Persepsi masyarakat Jepang pada PLTN juga berubah arah setelah kecelakaan Fukushima. Lebih dari separuh penduduk Jepang (56.4%) menyatakan bahwa PLTN harus dihentikan operasinya dan ditutup segera.

Anggota Dewan Energi Nasional, Herman Darnel Ibrahim, menyoroti biaya investasi pembangkit nuklir yang cenderung semakin meningkat, dan risiko keamanannya yang tinggi.

“LCOE dari nuklir tinggi sebesar 8-12 sen USD menurut badan nuklir dunia, bahkan mencapai 12-16 sen USD menurut Schneider. Adanya PLTN juga menimbulkan perasaan tidak aman bagi penduduk sekitar,” jelas Herman.

Pembangkit listrik energi nuklir (PLTN) diwacanakan sebagai salah satu strategi Indonesia untuk mencapai net-zero emission pada tahun 2060 atau lebih cepat. Dengan pemanfaatan energi terbarukan besar-besaran (75% variabel energi terbarukan masuk dalam jaringan listrik), pengembangan sistem penyimpanan energi sehingga mengurangi biaya pengembangan energi terbarukan akan membuat tren penurunan LCOE (Levelized Cost of Electricity) untuk energi surya dan bayu dengan baterai akan lebih ekonomis daripada biaya pembangunan PLTN. 

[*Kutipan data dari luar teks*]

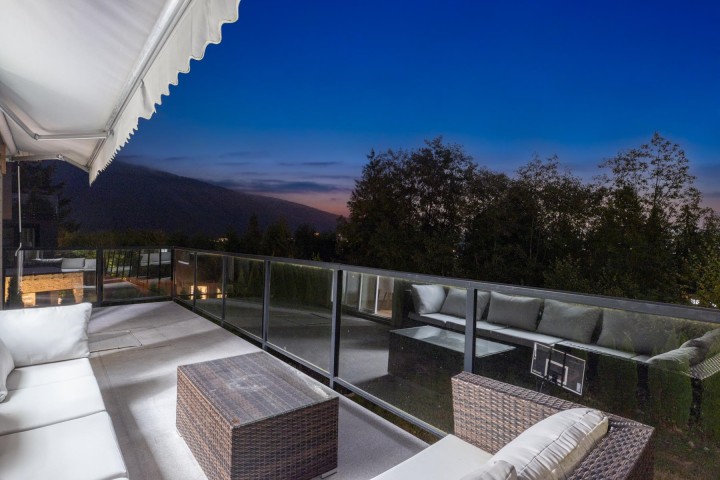 Photo 37 at 520 Ballantree Place, Glenmore, West Vancouver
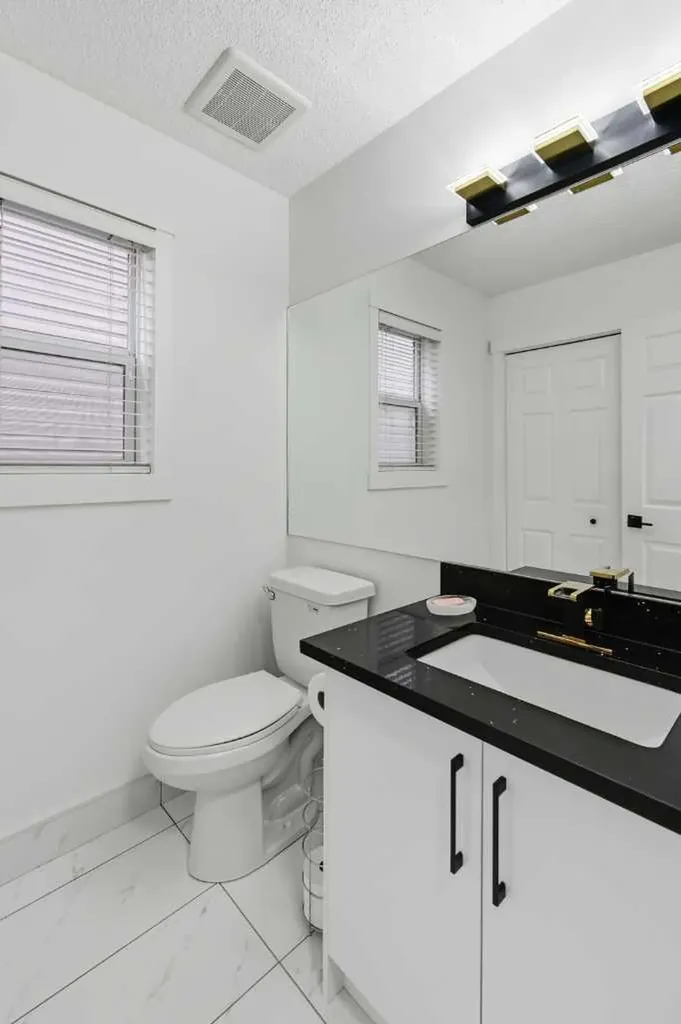 53 Martha's Place NE Calgary AB T3J4P4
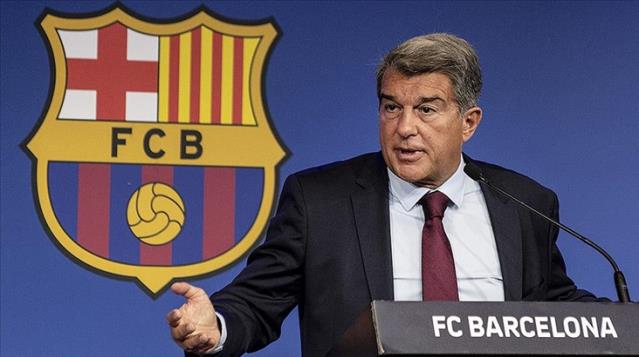 Barcelona'nın borcu akıllara durgunluk verdi! Miktarı öğrenen efsane futbolcunun uykuları kaçtı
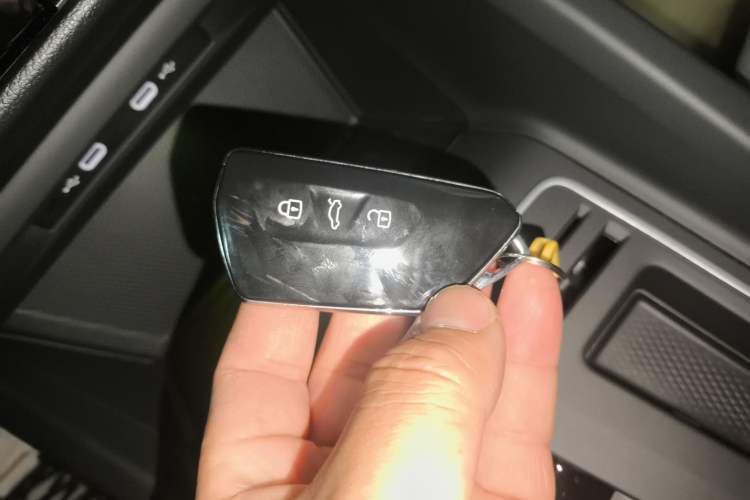 Used Volkswagen Golf 2025 300TSI R-Line Interior 1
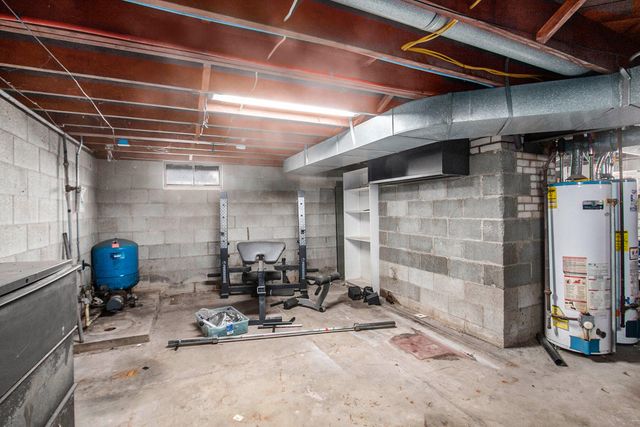 3056 E Apple Avenue, Muskegon, MI 49442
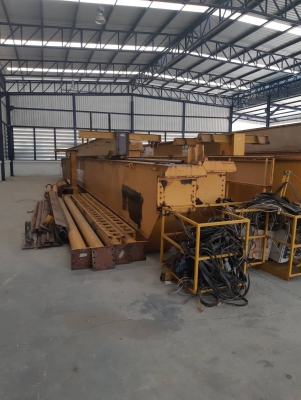 ขายคะ เครน9ชุด มี5ตันเครนคู่กว้าง23เมตร5 ชุดคันทรีเครนสูง6เมตรกว้าง 18 เมตร2ชุด 20ตันกว้าง24เมตร1ชุด 25ตันกว้าง 24 เมตร1ชุด 5ตันไม่มีล้อข้าง ขาย9ชุด3,400,000คะ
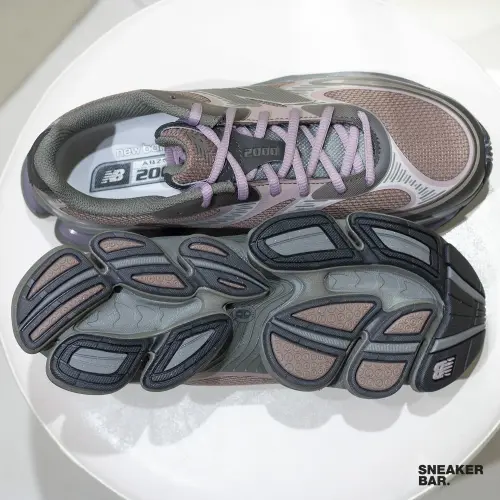 Кроссовки New Balance 2000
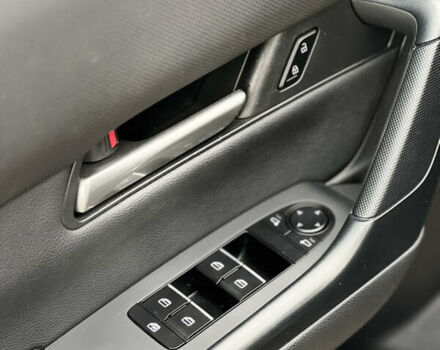 Чорний Мазда CX-50, об'ємом двигуна 2.49 л та пробігом 27 тис. км за 25900 $, фото 10 на Automoto.ua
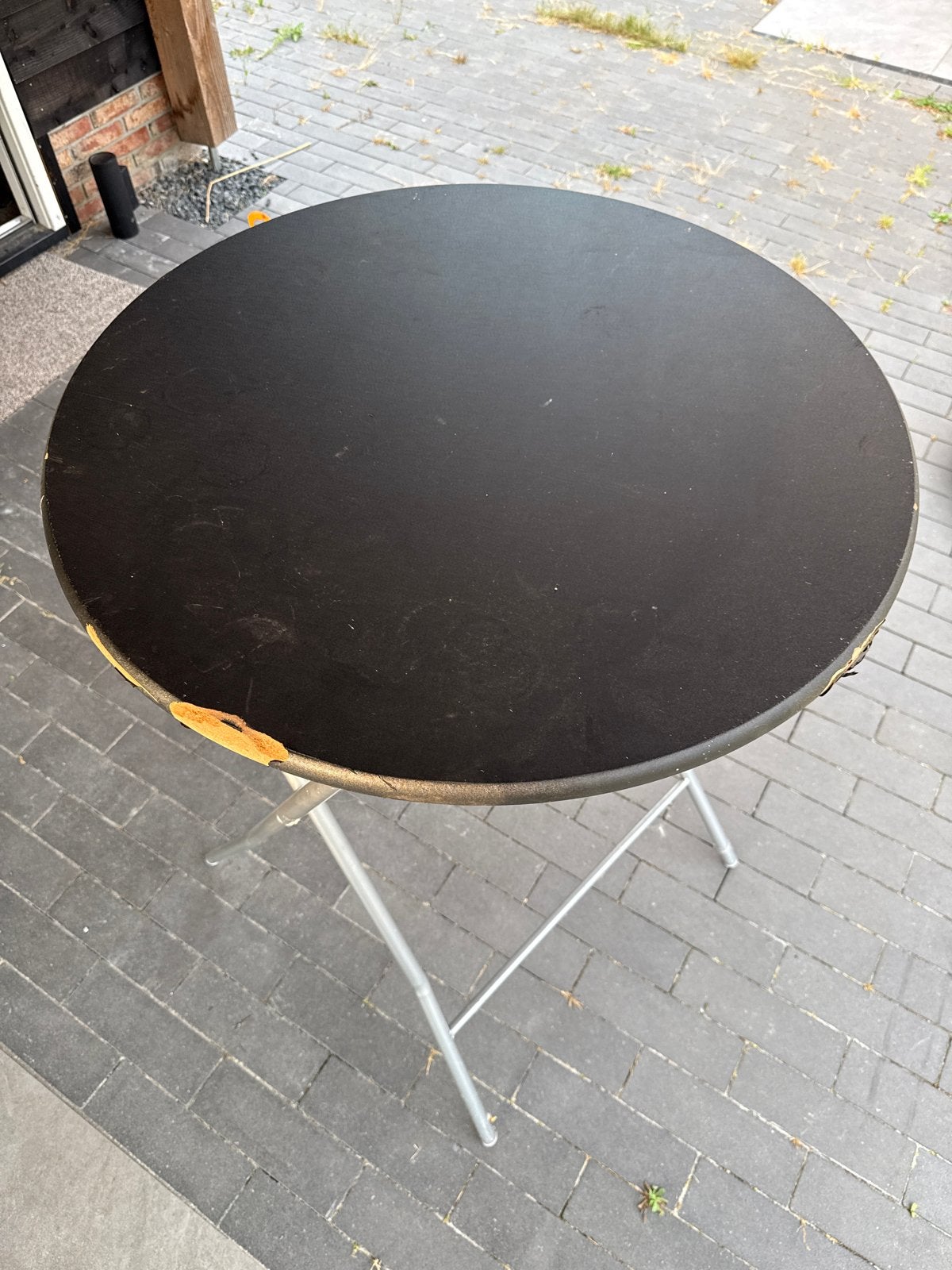 Stevige ronde tafel met lichte beschadiging, Ophalen, Gebruikt, Rond, Overige houtsoorten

M.V Ramana, Profesor dan Direktur Liu Institute for Global Issues dari British Columbia University, sepakat bahwa pembangkit nuklir mengandung risiko besar. Saat ini tidak ada pembangkit nuklir dengan ‘zero risk accident’ bahkan teknologi SMR (Small Modular Reactor) yang digadang-gadang aman pun masih mempunyai potensi kecelakaan.

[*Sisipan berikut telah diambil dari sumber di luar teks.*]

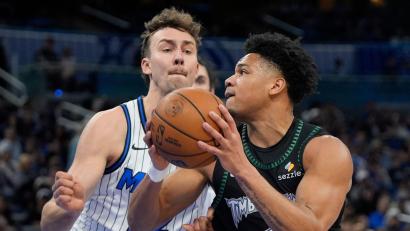 Bild: John Raoux/AP/dpa
Franz Wagner (links) hat mit den Orlando Magic weiter die Chance auf die direkte Qualifikation für die Playoffs.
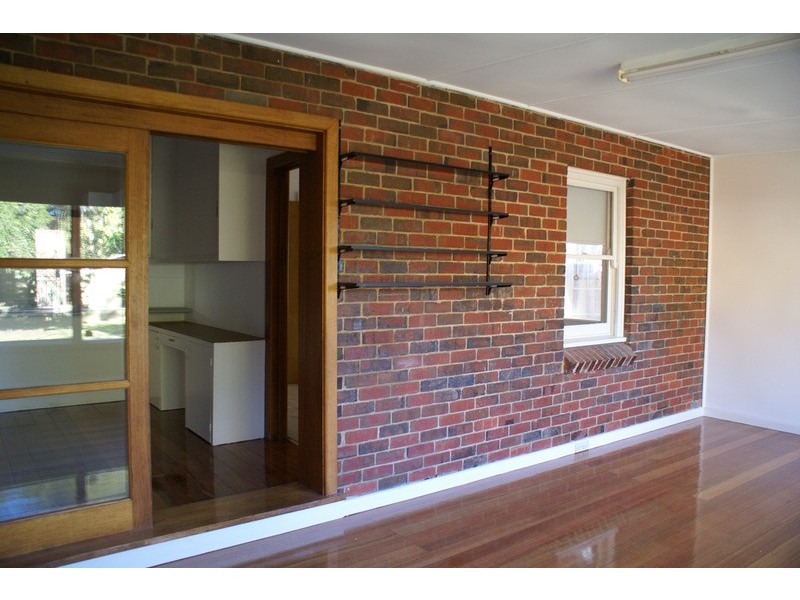 18 Glenlyon Avenue, Shepparton VIC 3630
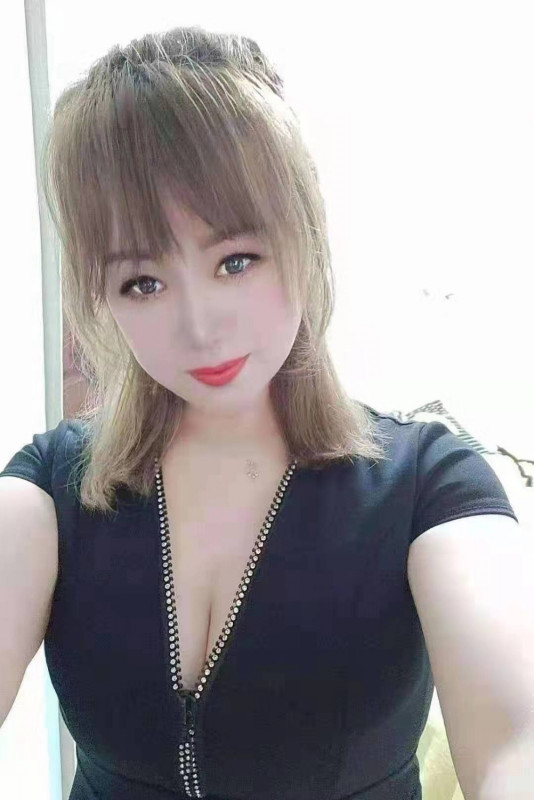 300一次的大波妹子
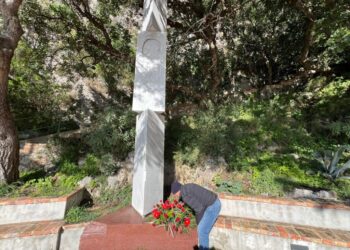 Corona di fiori davanti al monumento a Lenin a 100 anni dalla morte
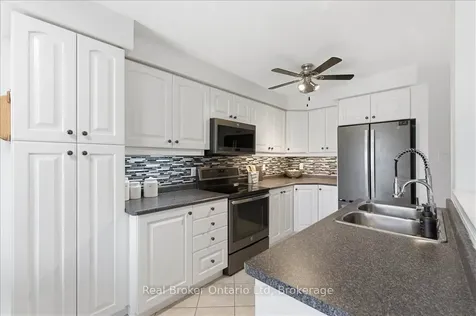 32 Laughland Lane Guelph ON N1L 0C9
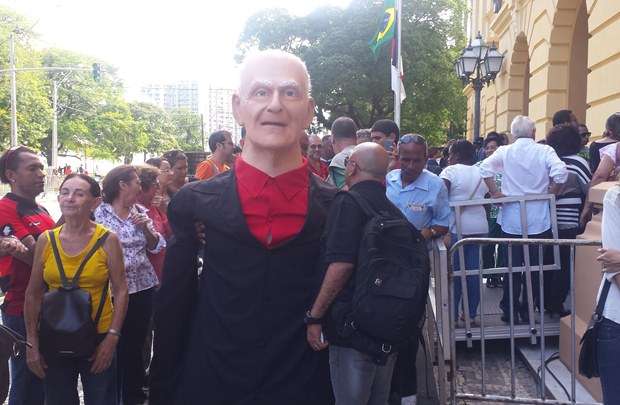 Um tradicional boneco de Olinda com as feições do escritor participou do velório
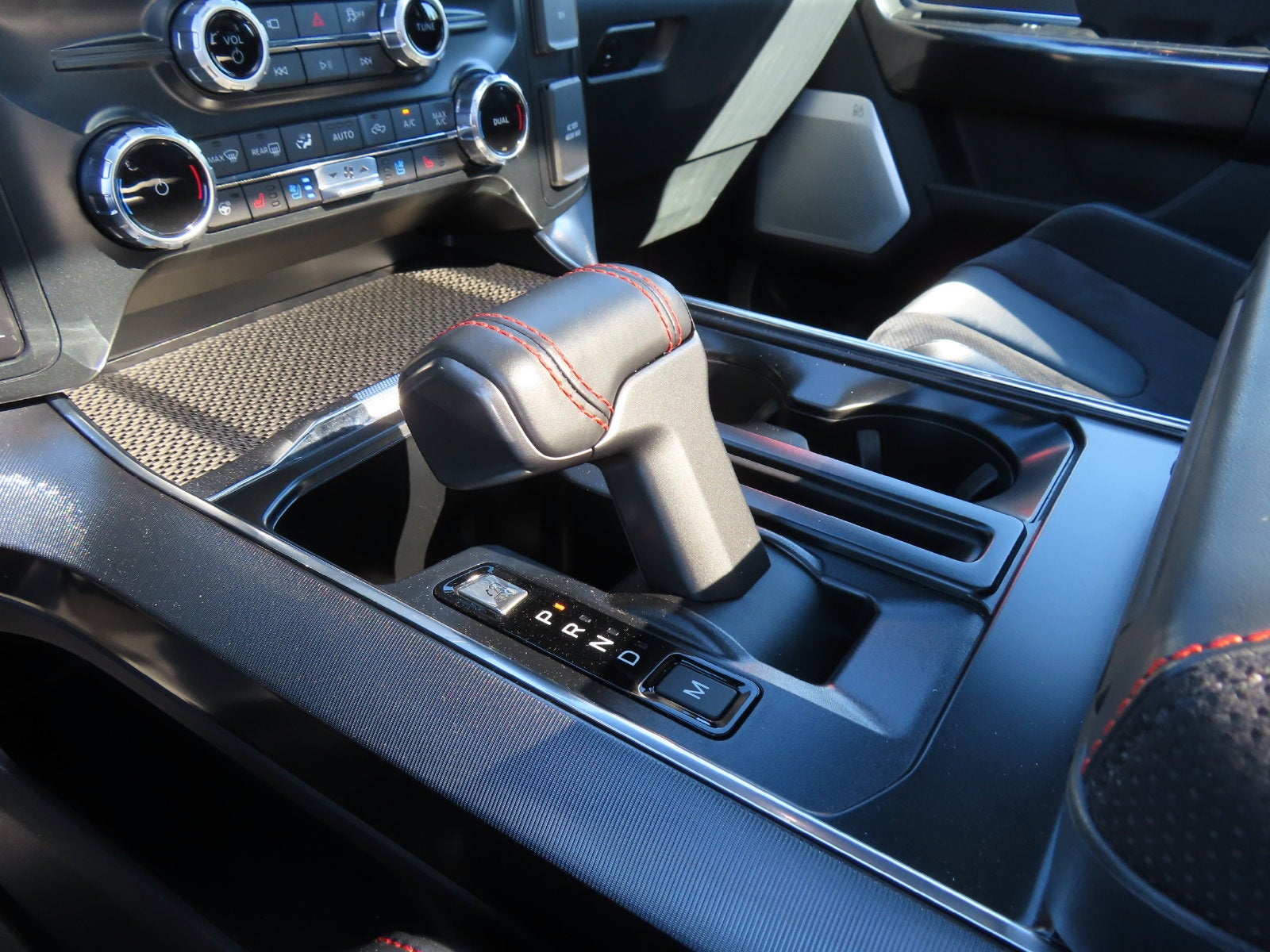 2025 Ford F-150 Raptor R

“Secara teknis, tidak ada desain universal untuk berbagai tempat dan situasi geografis untuk pembangunan PLTN. Risiko kecelakaan, dan limbah radioaktif membutuhkan sistem yang dirancang secara kontekstual dengan lokasi dan situasi setempat. Hal ini membutuhkan kajian mendalam,” jelas Ramana.

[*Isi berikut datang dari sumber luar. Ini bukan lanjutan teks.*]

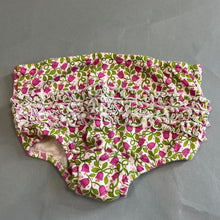 Load image into Gallery viewer, Vera Bradley baby girls set
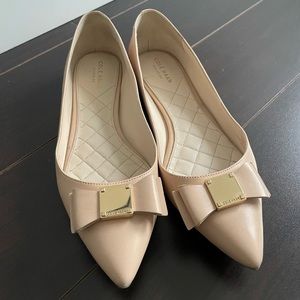 Beautiful Cole Hahn leather flats - size 7.5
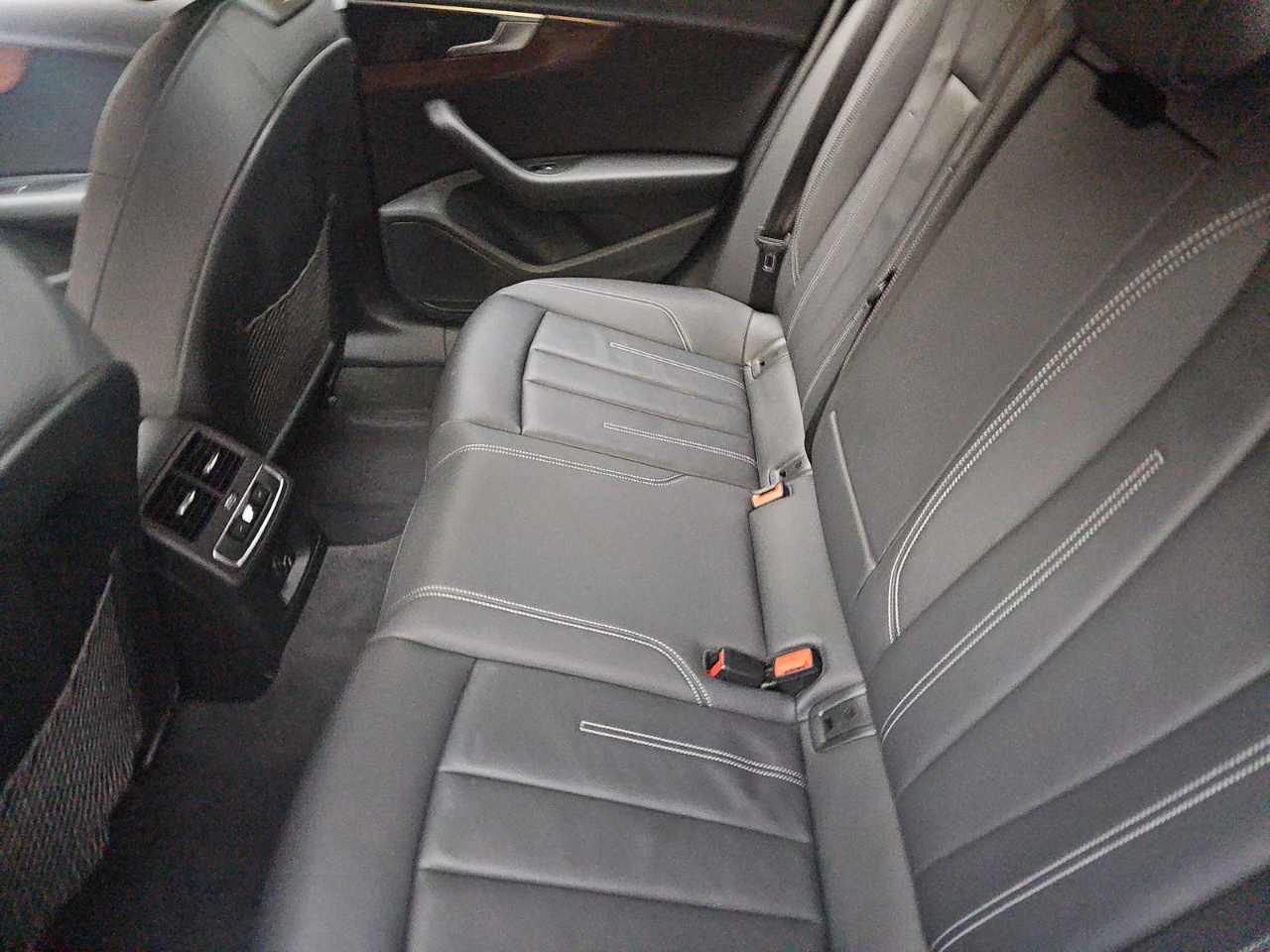 Audi A4 Sedan Premium 40 TFSI quattro 2022 Audi A4 Sedan Premium 40 TFSI quattro 2022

Ramana menyinggung persepsi yang berkembang mengenai pembangkit nuklir sebagai  salah satu solusi untuk mengatasi masalah perubahan iklim sebab dapat menghasilkan energi dengan emisi yang rendah. Menurutnya, justru biaya pembangunan pembangkit nuklir lebih tinggi dibandingkan teknologi yang saat ini tersedia  seperti pembangkit surya ataupun bayu (angin) yang  lebih aman, dan terjangkau

Ramana memaparkan secara statistik, jumlah pembangkit nuklir di dunia terus berkurang. Salah satunya karena nuklir tidak lagi ekonomis. Puncak perkembangan pembangkit nuklir lebih dari 3 dekade lalu, setelah itu jumlah pembangkit yang dibangun terus menurun. 

“Ke depannya, dalam skenario paling optimis sekalipun, pembangkit nuklir hanya akan berkontribusi 10% pada bauran energi global,” Ramana menjelaskan.

Utamakan Pengembangan Energi Terbarukan di Indonesia, PLTN menjadi pilihan akhir

Sejak awal kemunculannya energi nuklir telah menimbulkan suatu dialog bahkan perdebatan tentang manfaat dan risiko yang dibawanya. Di satu sisi nuklir dapat memenuhi kebutuhan energi, dan dapat digunakan dalam berbagai bidang seperti medis dan militer. Namun nuklir juga membawa risiko kebocoran radiasi. Terdapat peristiwa kecelakaan nuklir yang patut dicatat mulai dari Three Mile Island (1979), Chernobyl (1986), dan Fukushima (2011). Dari sini muncul pertanyaan, apakah nuklir masih layak untuk dikembangkan dalam skala besar? Jika iya, aspek apa saja yang harus diperhatikan dalam pengembangannya? Menghadirkan tiga pembicara dengan latar belakang yang berbeda, FISCO UGM menggelar webinar Potensi dan Kontroversi Nuklir untuk mencoba mengurai pertanyaan tersebut. 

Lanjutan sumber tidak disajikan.